HON’BLE SRI JUSTICE C.PRAVEEN KUMAR CRIMINAL PETITION No.7374 OF 2014
ORDER:
The petitioner, who is sole accused in Crime No.347 of 2014 of Subedari Police Station, Hanumakonda, Warrangal District, registered for an offence punishable under Sections 354 IPC, filed the present application under Section 482 Cr.P.C. seeking quashing of the investigation in the above crime, on the ground of settlement arrived at between the parties.
2. The facts in issue are as under :
The petitioner and the first respondent are practicing Advocates. The averments in the report would disclose that on 08.06.2014 the informant went to Warangal to attend the marriage. Since the informant was not aware about the venue of the marriage, she contacted few Advocates regarding the venue who in turn replied that they have already returned from the function. Then she made a call to the petitioner who told her that he was going to marriage and that he will drop her at Ram Gardens. After attending the marriage, the said Shyam Sunder told the informant that he will drop her at the Bus stop. Believing the representation made by him, she got into the Car. When the Car reached the foot over bridge, Hunter road, Warangal, the petitioner is alleged to have stopped the car and touched her hand and shoulders, harassed her, and used un- parliamentary language and misbehaved with her. When she tried to open the door of the car the accused is alleged to have pushed her back and locked the door. When the informant was about to make hue and cry the petitioner is alleged to have threatened her not to shout and further stated that he would drop her at the bus stand. After she got down from the Car at Bus stand the petitioner is alleged to have stated that the dispute between herself and her husband will not be settled without his involvement. He further threatened that if the said fact is revealed he will make allegations against the informant. It is stated that due to disputes between herself and her husband she could not lodge a report on the same day. Basing on these allegations a report came to be lodged on 13.06.2014.
3. Though the present application is filed seeking quashing of investigation on merits, but however the learned counsel for the petitioner submits that the parties have settled the dispute and as such the informant is not interested in prosecuting the case.
4. Along with the present application the petitioner filed Crl.P.M.P. No.11867 of 2014 seeking permission of the court to compound the offence. The affidavit of the second respondent/informant filed in support of the said petition would disclose that at the instance of elders and well-wishers she has settled the matter out of court and has no objection for quashing the proceedings.

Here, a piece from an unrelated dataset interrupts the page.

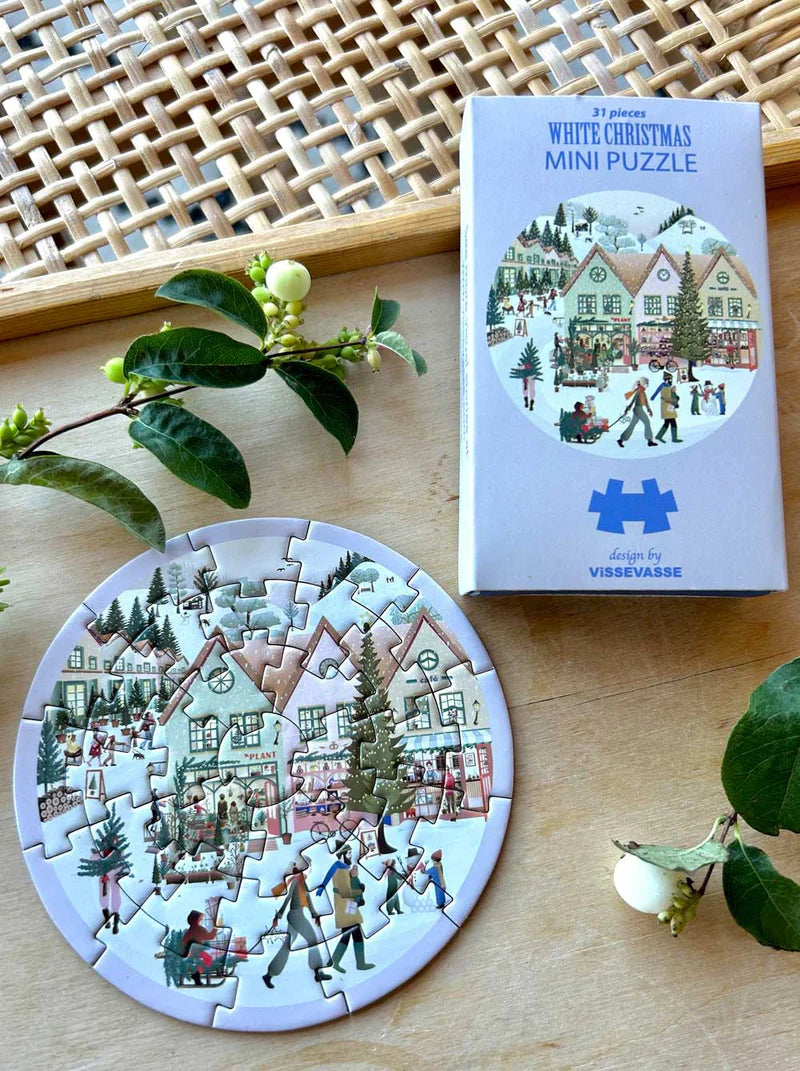 Visse Vasse Puslespil - White Christmas Mini Puslespil med 31 Brikker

5. The petitioner/accused and first respondent/complainant were present before this Court on 24.09.2014 and they are identified by their respective counsel. When examined the informant stated that she has settled the matter with the accused and has no objection for quashing the proceedings against the petitioner.

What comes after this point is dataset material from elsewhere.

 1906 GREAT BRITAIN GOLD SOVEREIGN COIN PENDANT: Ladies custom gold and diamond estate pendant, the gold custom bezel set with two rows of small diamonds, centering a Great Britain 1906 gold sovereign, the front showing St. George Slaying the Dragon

6. In Narinder Singh and others v. State of Punjab and [1] another the Apex Court after referring to all the cases including
[2]
the judgment of the Apex Court in Gian Singh case , held as under :
“ 11. We find that there are cases where the power of the High Court under Section 482 of the Code to quash the proceedings in those offences which are uncompoundable has been recognized. The only difference is that under Section 320(1) of the Code, no permission is required from the Court in those cases which are compoundable though the Court has discretionary power to refuse to compound the offence. However, compounding under Section 320(1) of the Code is permissible only in minor offences or in non-serious offences. Likewise, when the parties reach settlement in respect of offences enumerated in Section 320(2) of the Code, compounding is permissible but it requires the approval of the Court. In so far as serious offences are concerned, quashing of criminal proceedings upon compromise is within the discretionary powers of the High Court. In such cases, the power is exercised under Section 482 of the Code and proceedings are quashed. Contours of these powers were described by this Court in B.S.Joshi vs. State of Haryana (2003) 4 SCC 675 which has been followed and further explained/elaborated in so many cases thereafter, which are taken note of in the discussion that follows hereinafter.
13. Apart from narrating the interplay of Section 320 and Section 482 of the Code in the manner aforesaid, the Court also described the extent of power under Section 482 of the Code in quashing the criminal proceedings in those cases where the parties had settled the matter although the offences are not compoundable. In the first instance it was emphasized that the power under Sec. 482 of the Code is not to be resorted to, if there is specific provision in the Code for redressal of the grievance of an aggrieved party. It should be exercised very sparingly and should not be exercised as against the express bar of law engrafted in any other provision of the Code. The Court also highlighted that in different situations, the inherent power may be exercised in different ways to achieve its ultimate objective. Formation of opinion by the High Court before it exercises inherent power under Section 482 on either of the twin objectives, (i) to prevent abuse of the process of any court, or (ii) to secure the ends of justice, is a sine qua non.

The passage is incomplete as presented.